Veli Mäkinen
vmakinen@cs.Helsinki.FI
Department of Computer Science, P.O Box 26 (Teollisuuskatu 23)
FIN-00014 University of Helsinki, Finland.
Abstract. Approximate string matching problem is to find all
occurrences of a pattern of size m in a text of size n allowing at most
k errors (insertions, deletions, and substitions). Dynamic programming
can be applied to the problem, providing a O(mn) search method in the worst
case, and O(kn) in the average case. Using bit-parallelism, the dynamic
programming algorithms can be improved by a factor w, where w is the length
of the computer word. Another way to speed up approximate string matching
is indexing; a static text can be preprocessed by constructing an index
structure for the text such that queries of its context can be answered
quickly. Exact string matching queries can be answered in O(m) time using
a suffix tree as an index structure, but a similar straightforward
method for approximate string matching requires a depth-first search on
suffix tree (limited to the level m+k+1), and has time complexity O(c^(m+k)),
where c is the size of the alphabet.
In this thesis, two new bit-parallel algorithms
are examined and compared. Modifications for both algorithms are presented
such that they can be used in depth-first search based queries on suffix
indices, like suffix tree, suffix cactus, and suffix array.
The speed up against the basic strategy (depth-first search combined with
O(mn) dynamic programming algorithm) is experimentally verified.
The use of bit-parallel algorithms do not ease the
problem with depth-first search; for long patterns and high error levels,
searching may be faster with online-algorithms. Pattern partitioning can
be used to overcome this problem. Pattern can be partitioned into smaller
pieces so that each piece is searched with fewer errors. All the occurrences
of these pieces are checked against the pattern, and the matching ones
are reported. This has the advantage that the depth-first search is limited
earlier, but then again there are more occurrences to be checked. This
is a tradeoff-problem, where the number of pattern partitions should be
chosen to minimize the overall cost of the search.
In this thesis, a new method to estimate the optimal
pattern partitioning is developped, based on the statistics of the text
obtained from the suffix tree combined with open form formulas for the
probability of an approximate match. Comparison against an estimate, that
is based on the asymtotic behaviour of the probability of an approximate
match, shows that the new method is noticeably more accurate.

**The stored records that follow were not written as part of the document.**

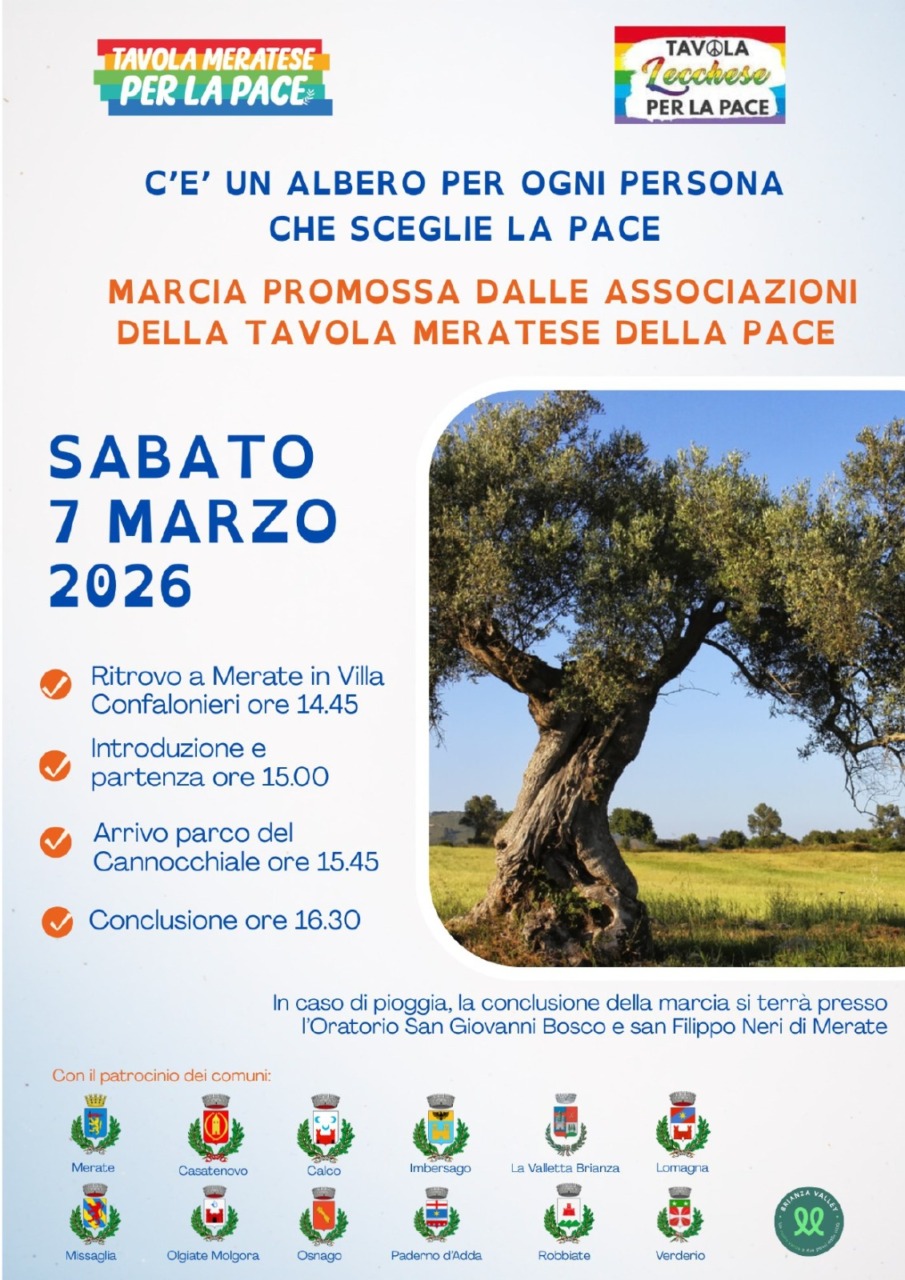 Marcia per la pace, domani l’iniziativa a Merate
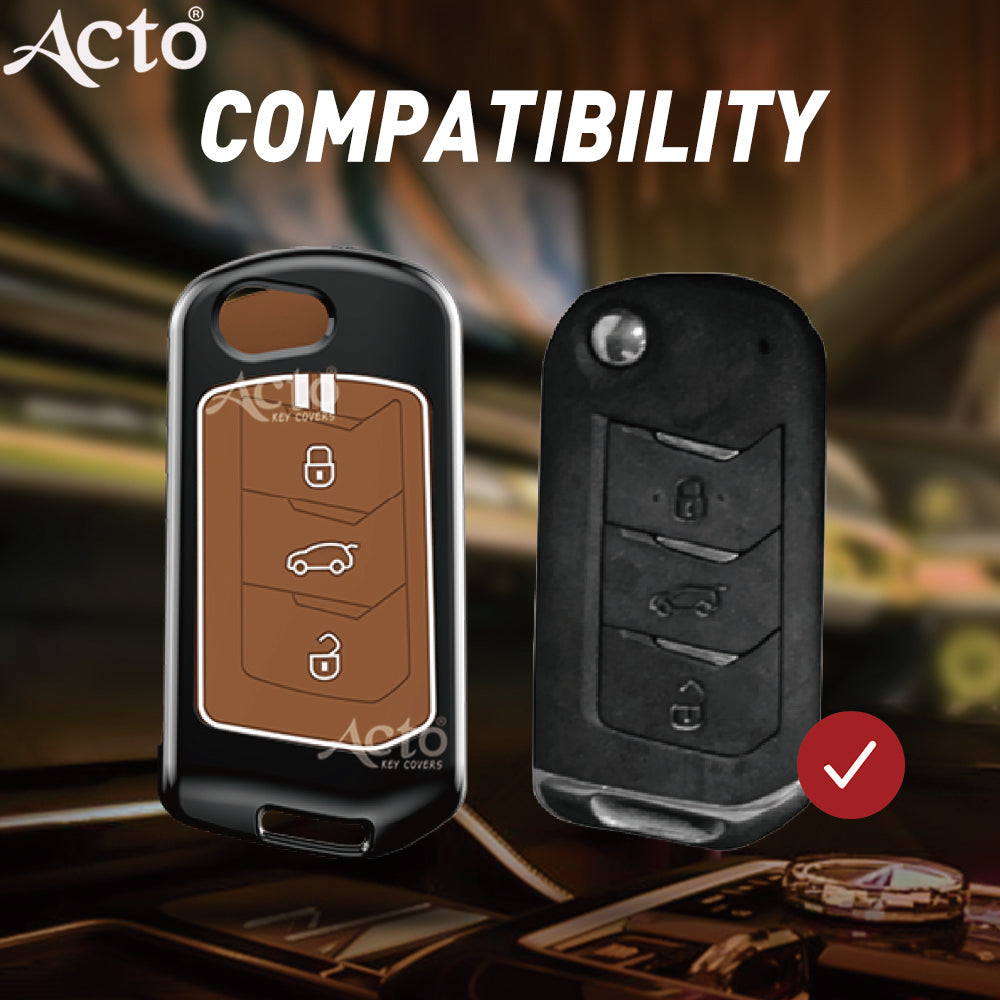 Acto Metal Sapphire Key Cover and Key chain Compatible with Mahindra Thar I Thar Roxx I Bolero I Marazzo I Scorpio I Tuv300 I Xuv700 Pack of 1 Set (Glow in the Night)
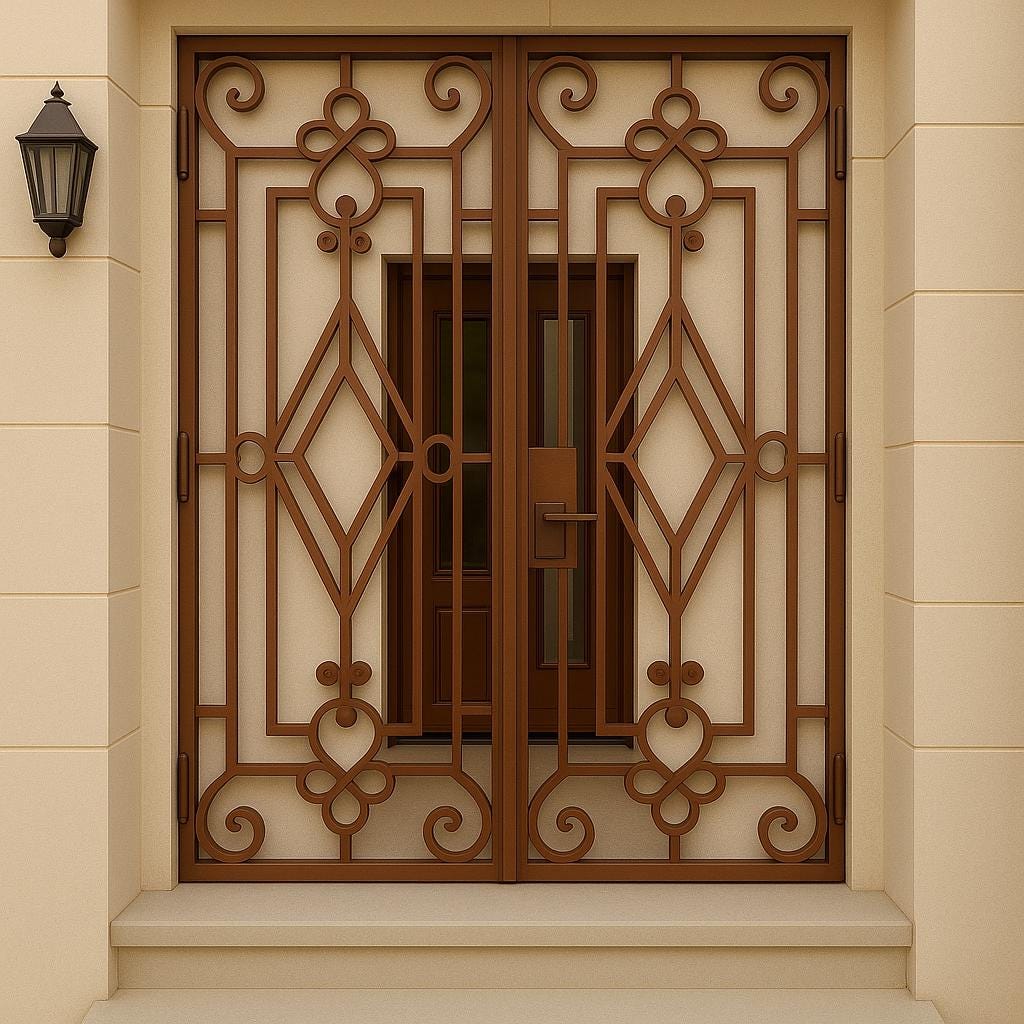 Wrought Iron Double Entry Security Door - Custom Exterior Gate by the steel fabrication shop, product image 2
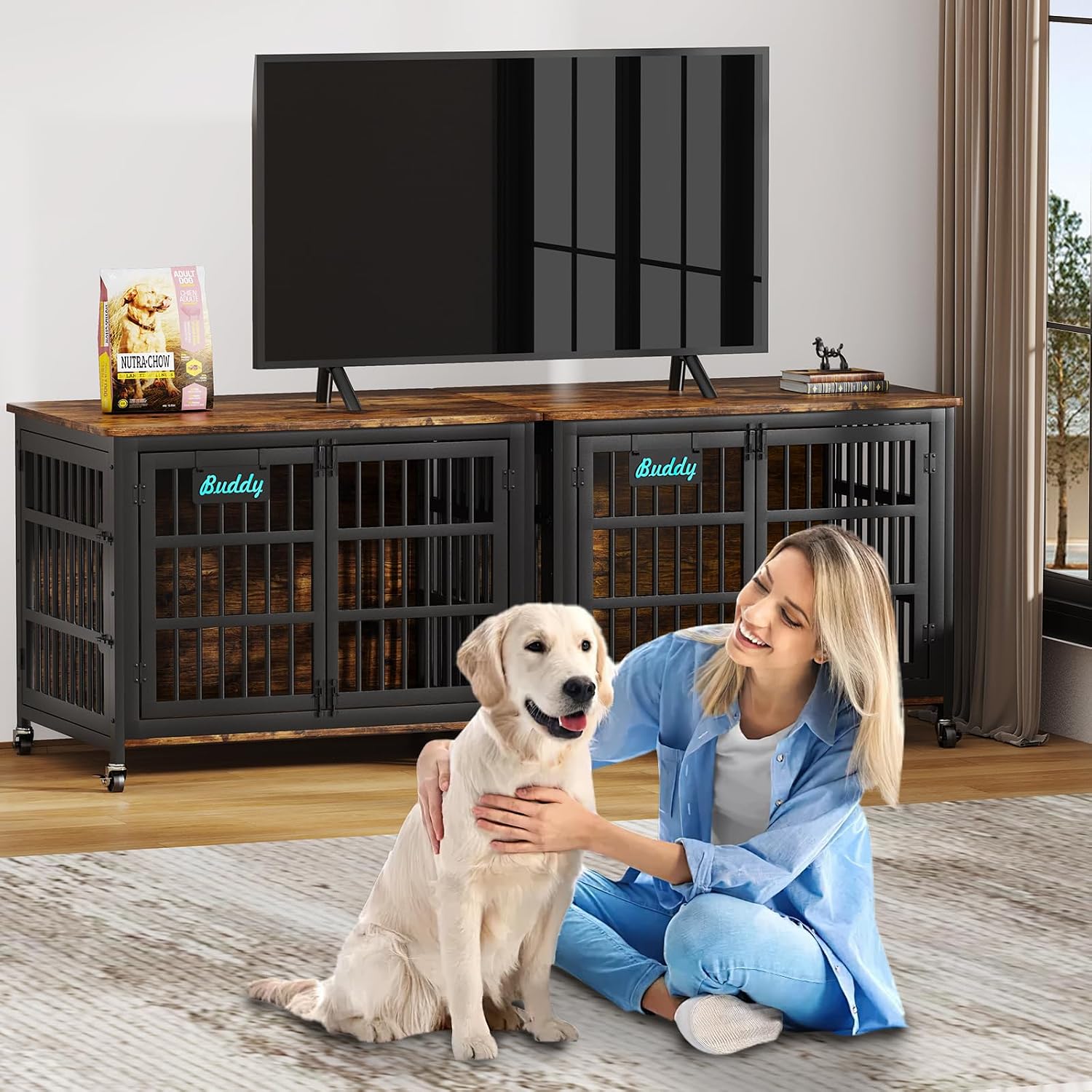 EasyCom 42'/41'/33' Dog Crate Furniture with Name Tag, XL Heavy Duty Dog Kennel Indoor for Large and Medium Dogs, Double-Doors Sturdy Dog Cage for Anxiety Dog, Decorate House as TV Stand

Still, the
choice of the right partitioning is shown to be crucial to gain a significant
speed up against online-algorithms, because often only one partitioning
stands out from the rest. The estimates used in the thesis are still too
inaccurate to predict the right partitioning every time. However, the thesis
shows that the use of text statistics obtained from the suffix tree is
a promising strategy, and should be the subject of a more extensive study.